David Kenny, CEO of The Weather Channel, talks to Diana Bradley about the dispute with DirecTV and creating a culture of transparency.

The Weather Channel started the year being pulled from DirecTV after a contract dispute. How did you respond?
This is probably the biggest PR challenge the communications team and our company has faced. Our external PR strategy was to fire on all cylinders.

This included engaging Congress and building awareness that losing The Weather Channel could pose a safety risk for their constituents, mobilizing DirecTV subscribers via marketing, PR, and social media to let the satellite provider know they want the channel back, and encouraging subscribers to switch to another service. Now we are trying to prevent others from making a mistake by becoming DirecTV subscribers.

Internally, our strategy was to be as open with employees as possible to let them know what was happening. Also, as our biggest ambassadors, we mobilized them to get the word out about DirecTV dropping us, and encourage their family and friends to switch from DirecTV to another cable provider.

The results have been overwhelming. As of February, had more than 6 million visitors, about 800,000 people sent complaints to DirecTV, and 270,000 people pledged to leave the provider. Those numbers change hourly.

Tell us about the relaunch last November.
As we were creating the new look and feel of our channel, we did some soul searching about our identity, about who we are, what we mean to people, and what we recognize and celebrate as a network.

Our identity at our core is really a bunch of people who are fascinated by the weather – and that’s both for the people who make our shows and the people who watch them. This led organically to our new tagline, ‘It’s amazing out there.’

And while it sounds simple, it really is a breakthrough. It informs everything we do. Every single story we tell is around something amazing and weather-centered.

What has been your most successful PR campaign to date?
In November 2012, we began systematically naming winter storms, which caused a big media stir – some people were for it, some against. It started off with science, as everything does here. Our scientists had a plan for how we would name winter storms, since a big part of our role is communicating weather information to the public.

We started naming winter storms because, like with hurricanes, it’s much easier to reference a storm by name, especially in the age of social media, for example #Nemo rather than #StormintheGreatLakesarea.

What we have seen is huge social media usage to the point where airlines, mayors, other brands, and media outlets are using our names. When something becomes part of culture and the lexicon, it equates to a successful PR campaign. Our next goal is to get government or an academic institution to take this over for the industry.  

How does the channel engage staff?
When I joined the company, it was very important to me to create a culture of transparency. I want employees to know what’s going on or know they can ask me anything.
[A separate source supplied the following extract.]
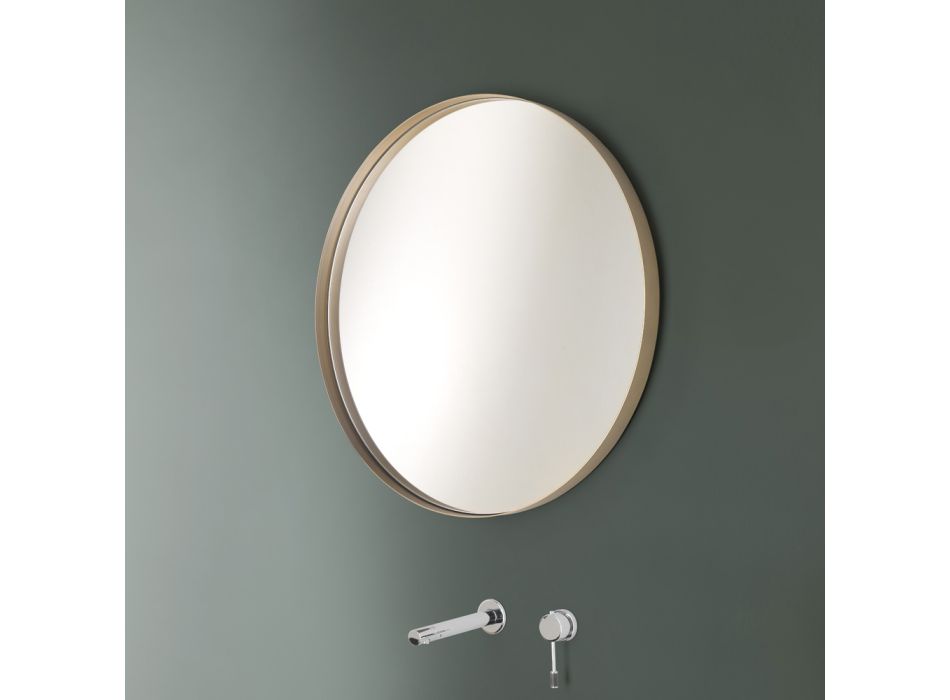 Okrągłe lustro ścienne z brązową, czarną, platynową lub miedzianą ramą - Renga Viadurini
We are constantly communicating with our team via email and Google Groups, whether it’s about a new series premiering on the network to developments with DirecTV.

I also hold a regular meeting called Lightning Round, where we present leadership awards and give employees the opportunity to submit questions anonymously for me to answer. We also just try to do fun things such as bringing in food trucks to celebrate our relaunch. We want everyone to feel invested in all of our products.

What role does PR play?
Our communications and social media team of seven people is proof that you don’t need a huge budget to get results. Earned media is really important for us. We don’t have the resources to buy our presence in big consumer outlets, so we have to be clever and strategic and find the right angles to get editorial coverage. 

Our approach with marketing and communications is pretty simple: to be as strategic and creative as possible. Both PR and social media play a huge role in reaching our target audience, which is more than 40 million weather enthusiasts, in addition to more than 100 million casual users.

How do you use social media to engage consumers and viewers?
If an area has been devastated by a storm, we leverage social to help mobilize support for survivors, whether that’s fundraising or creating awareness for rebuilding efforts.

We also launched My Friends’ Weather on Facebook, which allows people to see if their friends have been impacted by severe weather, to check on them, and send alerts.

What is next for the channel?
Some exciting new original series will be premiering throughout 2014. On digital, we will be launching new and improved products on mobile and the Web.